Stord is launching Stord Labs, an innovation center designed to evaluate emerging logistics technologies and redefine the future of fulfillment. We are seeking a highly skilled Lead Data Scientist to serve as the primary analytics and modeling expert within our core innovation team.
Unlike most data science roles in logistics that operate far removed from day-to-day operations, this role is embedded directly in a live fulfillment environment. As Lead Data Scientist for Stord Labs, you will build digital twins, develop predictive and prescriptive models, and evaluate agentic AI systems against real-world warehouse workflows inside a dedicated micro-fulfillment facility.
Your work will directly inform how innovations scale across Stord's broader fulfillment network, translating experimental results into enterprise-level operational strategies.
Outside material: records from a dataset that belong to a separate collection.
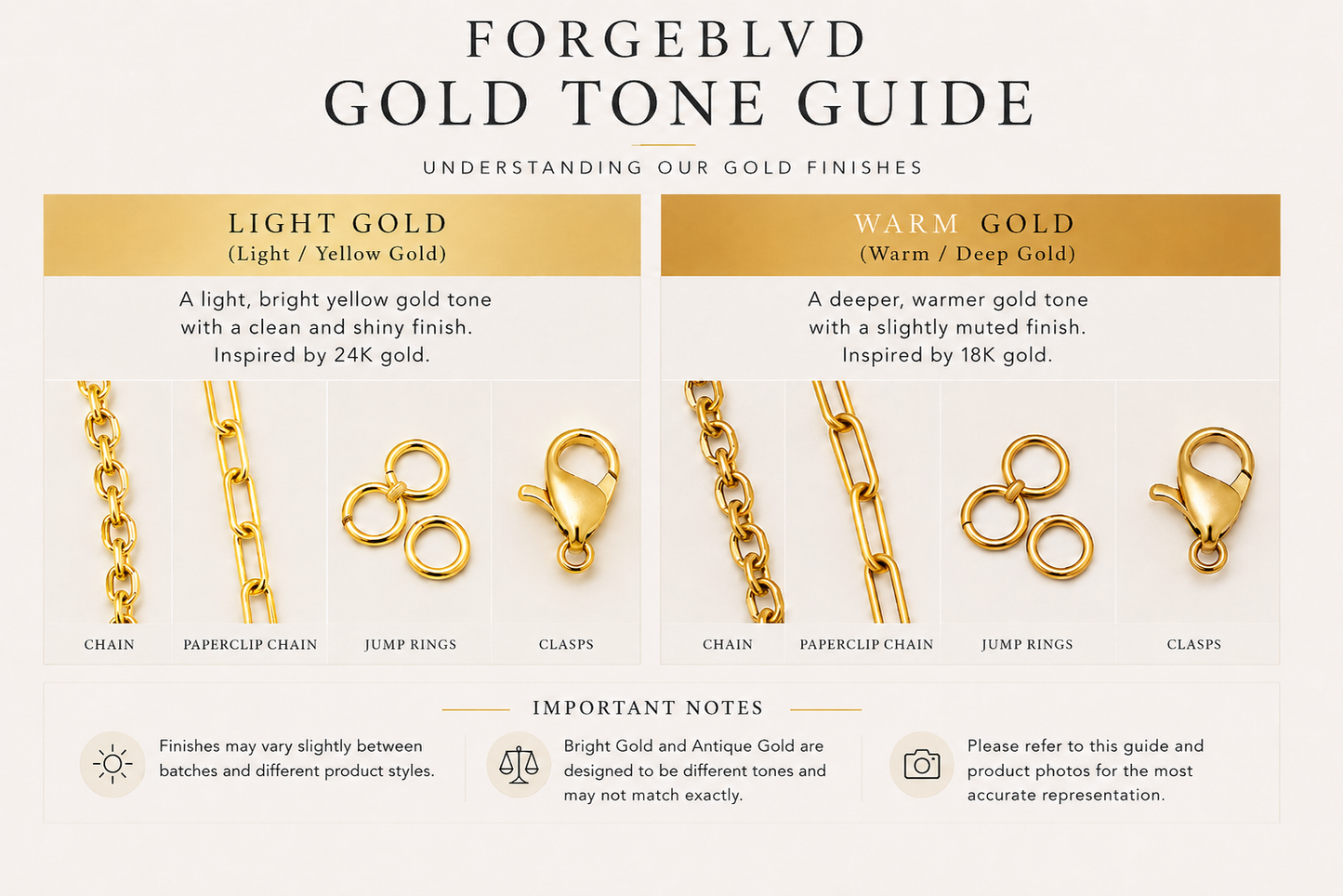 18K PVD Gold Ball Chain – 6mm
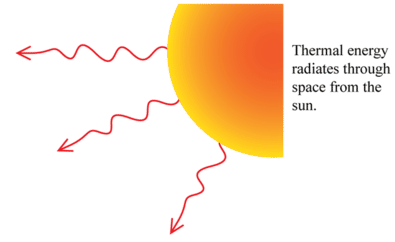 This is a representation of solar radiation with the words thermal energy radiates through space from the sun. 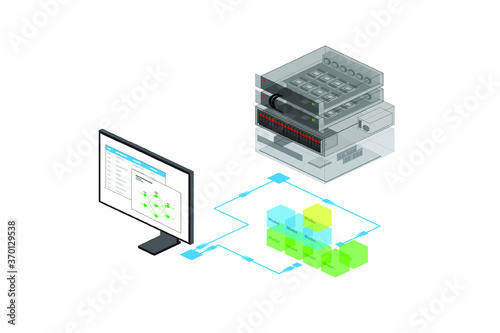 Cloud ai service as a service model for developers to reduce development costs and easier to manage hardware.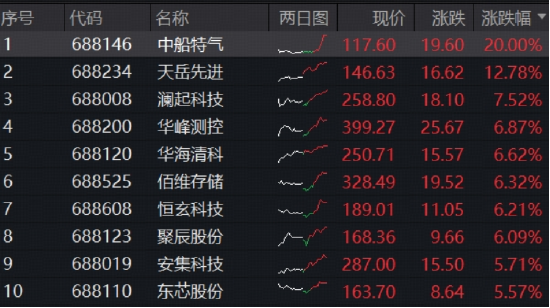 盘中大逆转，中国“芯”强势逼空！华宝基金科创芯片ETF（589190）拉升3%再探新高，标的年内猛攻52%领跑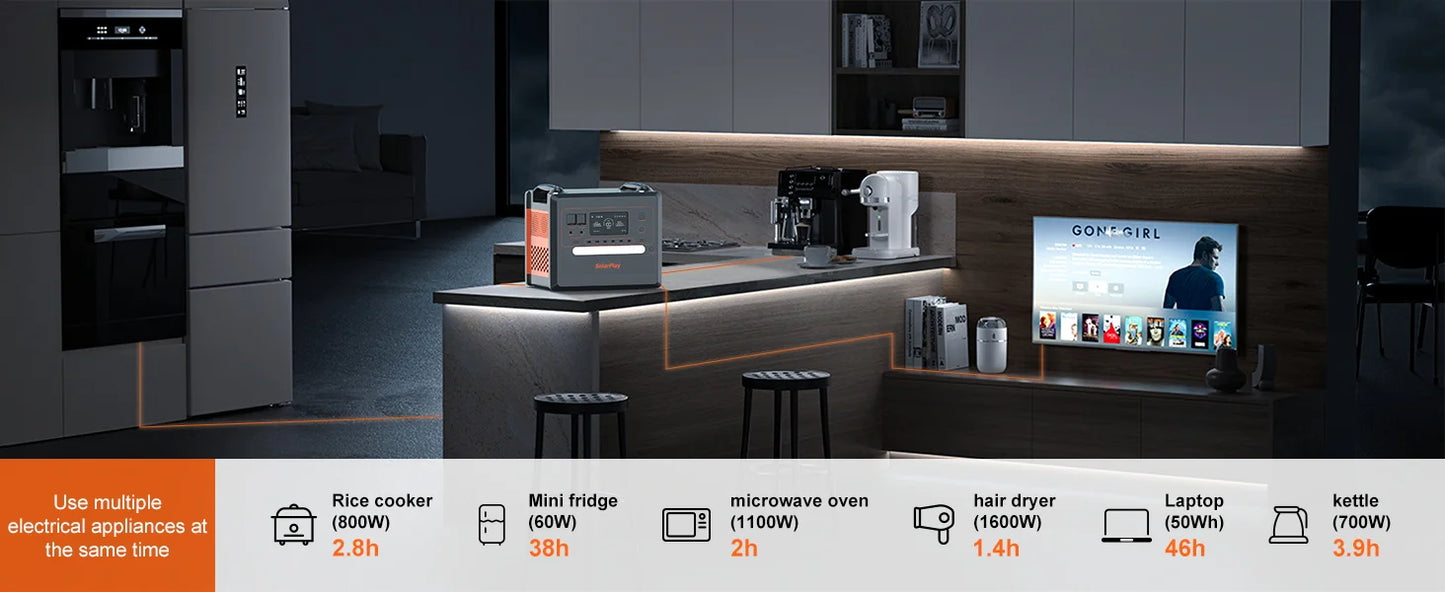 Powerstation 2025: SOLARPLAY 2500W Electric Power Station Q2402M - Energy Storage 2304WH Home Lifepo4 Battery UPS Mode Camping Accessories Outdoor Collection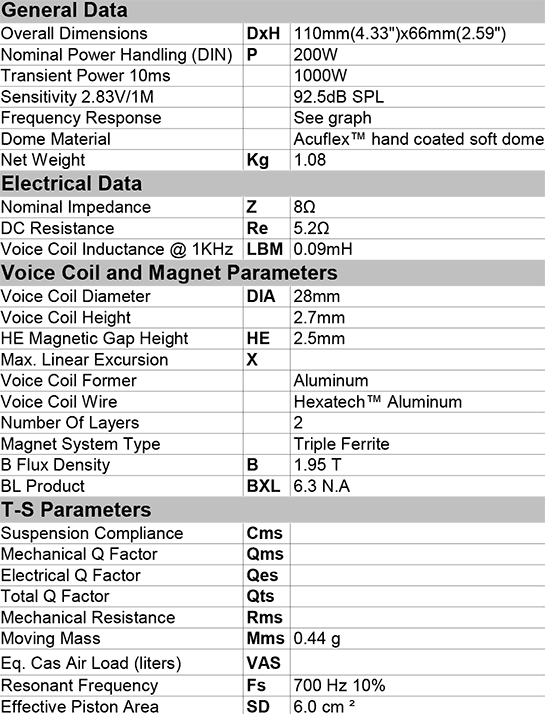 CAT408 data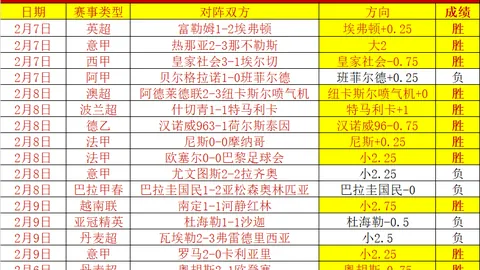 【惊爆逆袭！昨日五战全胜，战绩反转，历史交锋再现神奇反转】
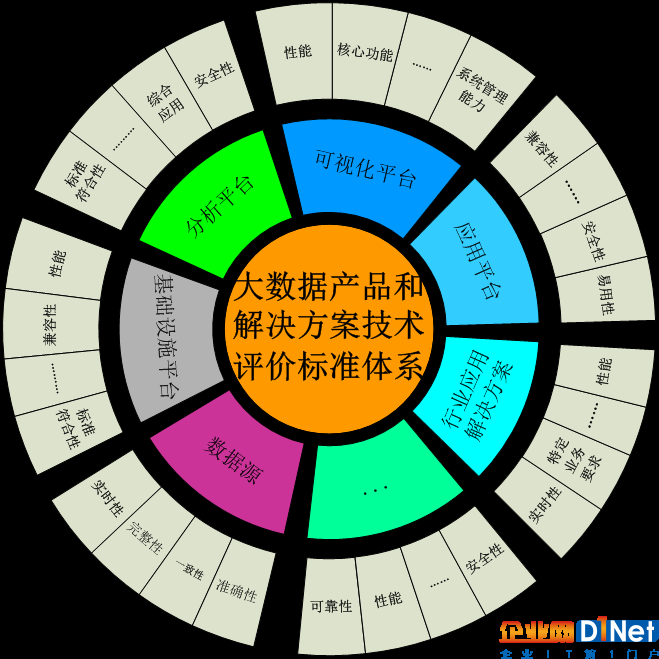 安全產品入選山東省工業領域數據安全優秀產品與服務應用 數據服務的市場突破與技術縱深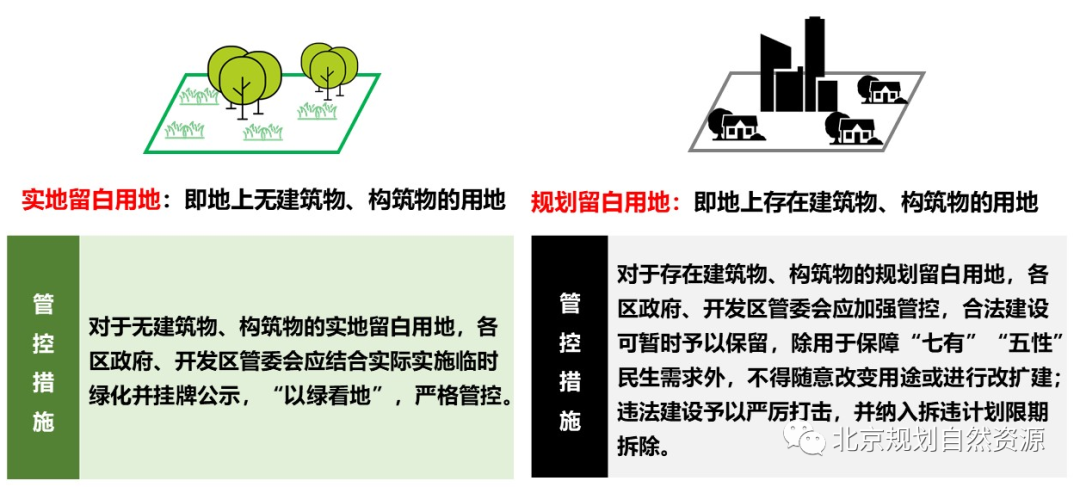 嚴格現狀管控示意圖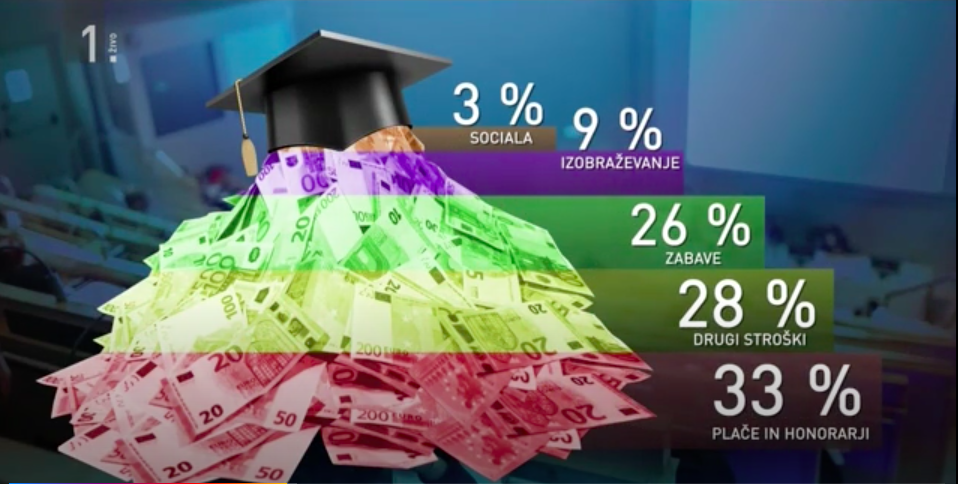 Študentske organizacije – ukiniti bando pohlepno, takoj!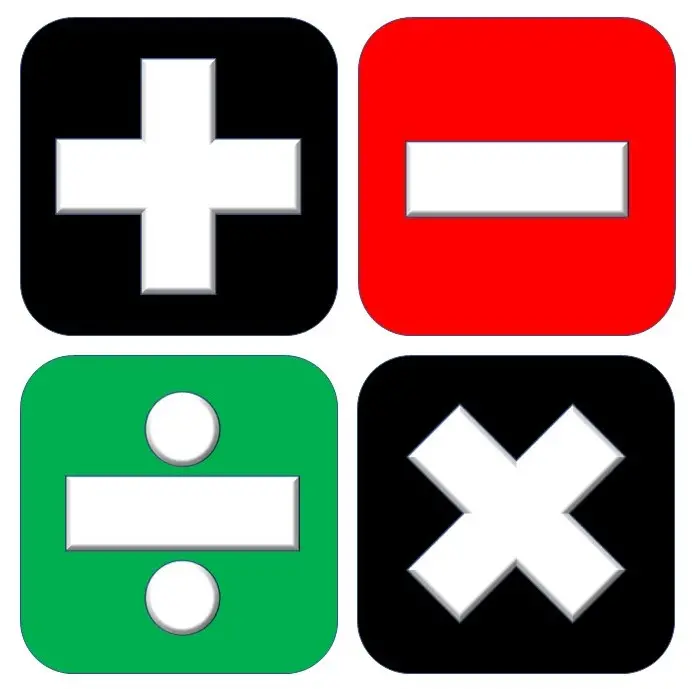 Fortuna Accounting Pty Limited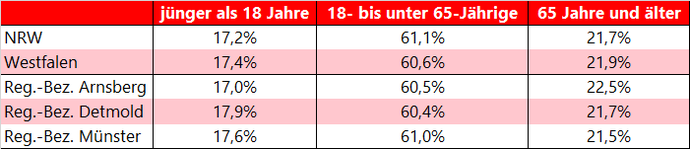 Tabelle zeigt die Anteile von drei verschiedenen Altersgruppen innerhalb der Gesamtbevölkerung mit Stand vom 31.12.2023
You will serve as the technical backbone of a five-person innovation team, partnering closely with controls engineers and operations specialists, and collaborating with frontier AI organizations and academic research partners.
If you bring deep expertise in simulation, machine learning, and applied analytics-and want to work at the intersection of data science and physical operations-this role is designed for you.
What You'll Do:Digital Twin & Simulation Modeling- Lead the design and development of digital twin models that accurately replicate end-to-end warehouse operations.
- Ingest and structure operational data from the micro-fulfillment lab to build scalable macro-simulations capable of representing enterprise-scale environments with tens of thousands of SKUs.
- Stress test operational strategies-including slotting algorithms, multi-pass picking, batching logic, and automation workflows-within simulation environments prior to production deployment.
Applied Artificial Intelligence- Design, test, and deploy AI-driven decision systems directly into operational workflows.
- Develop models for forecasting, labor planning, inventory optimization, task prioritization, and exception handling to improve throughput, speed, and cost efficiency.
- Build lightweight, production-ready analytical tools and algorithms that improve operational performance without heavy infrastructure overhead.
Analytics & Experimentation Validation- Translate operational data into financial impact models, linking time-and-motion studies to margin improvement, productivity gains, and labor efficiency.
- Partner with operations analysts to design robust experimental frameworks, including success criteria, measurement methodologies, and statistical validation approaches.
- Analyze complex, multi-variable experiments such as inventory commingling strategies and their impact on density, availability, and fulfillment speed.
Academic & Frontier AI Partnerships- Serve as the primary technical interface with external AI organizations, frontier model providers, and technology partners.
- Collaborate with academic institutions to sponsor applied research in simulation, optimization, and AI-driven operations.
- Integrate external research and capabilities into real-world operational testing within fulfillment workflows.
Basic Qualifications:- Master's degree or PhD in Data Science, Operations Research, Computer Science, Industrial Engineering, or a highly quantitative field.
- 5+ years of applied data science experience in supply chain, logistics, manufacturing, or other complex operational environments.
- Advanced proficiency in Python, R, and SQL.
- Proven experience building discrete-event simulations, continuous simulations, or digital twin systems using tools such as AnyLogic, Simio, FlexSim, or custom frameworks.
- Strong track record of deploying machine learning and optimization models into live production or operational decision systems.
Bonus Points:- Experience operating as a standalone data scientist in an R&D lab, innovation center, startup environment, or advanced manufacturing technology setting.
- Familiarity with WMS/OMS data structures and warehouse operational datasets.
- Experience experimenting with large language models (LLMs) or agentic AI systems for workflow automation, exception management, or decision support in operations contexts.